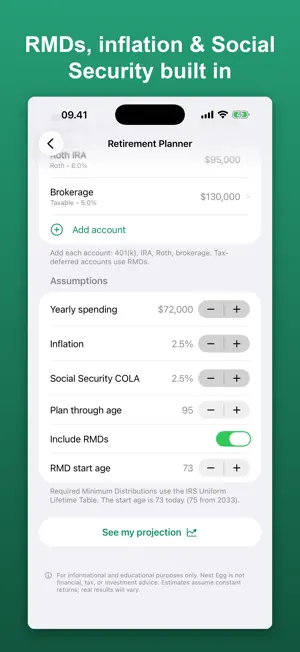Retirement Calculator Nest Egg screenshot 4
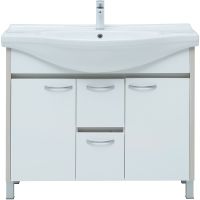 Тумба под раковину Aquanet Донна 100 274164 Белый дуб Белая — фото 3, Тумбы под раковину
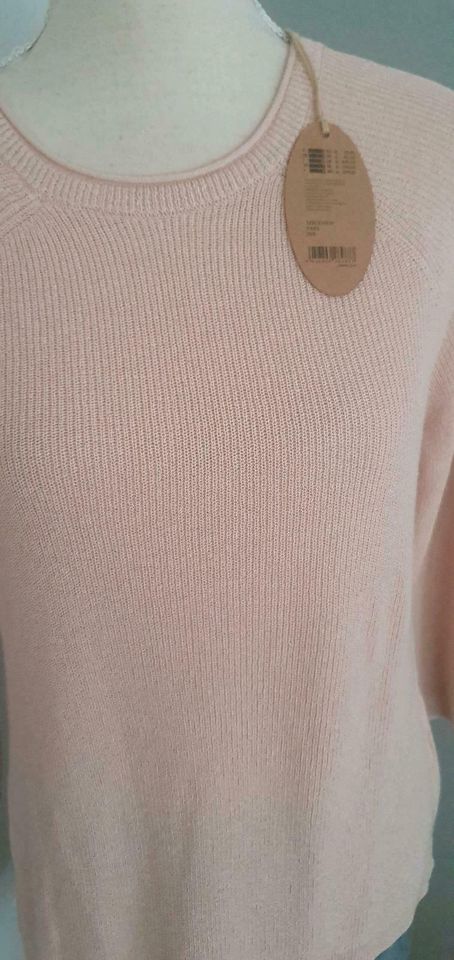 Neu Edc by Esprit Pullover Gr.S rose rosa Weiß mit Bluse in Reutlingen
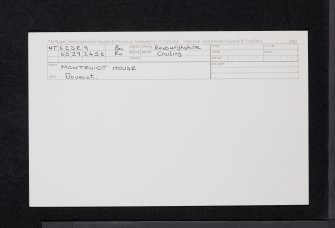 Monteviot House, Dovecot, NT62SE 9, Ordnance Survey index card, Recto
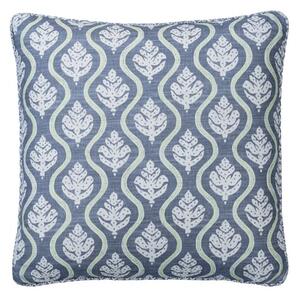 Fig Iris, Sustainable Feather, Cushion, 55cm x 55cm - Andrew Martin Linen & Linen Blend Floral & Small Prints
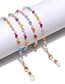 Fashion Color Handmade Crystal Beaded Chain Glasses Chain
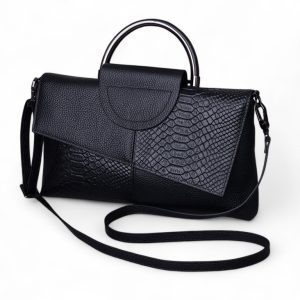 sac pochette cuir femme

⁂

Aim of the task –
Copy exactly, and copy nothing else: the lines from the one containing "Fig Iris, Sustainable" through the end of the data, both ends included, with pictures left out.

Answer to this problem –
 Fig Iris, Sustainable Feather, Cushion, 55cm x 55cm - Andrew Martin Linen & Linen Blend Floral & Small Prints
 Fashion Color Handmade Crystal Beaded Chain Glasses Chain
 sac pochette cuir femme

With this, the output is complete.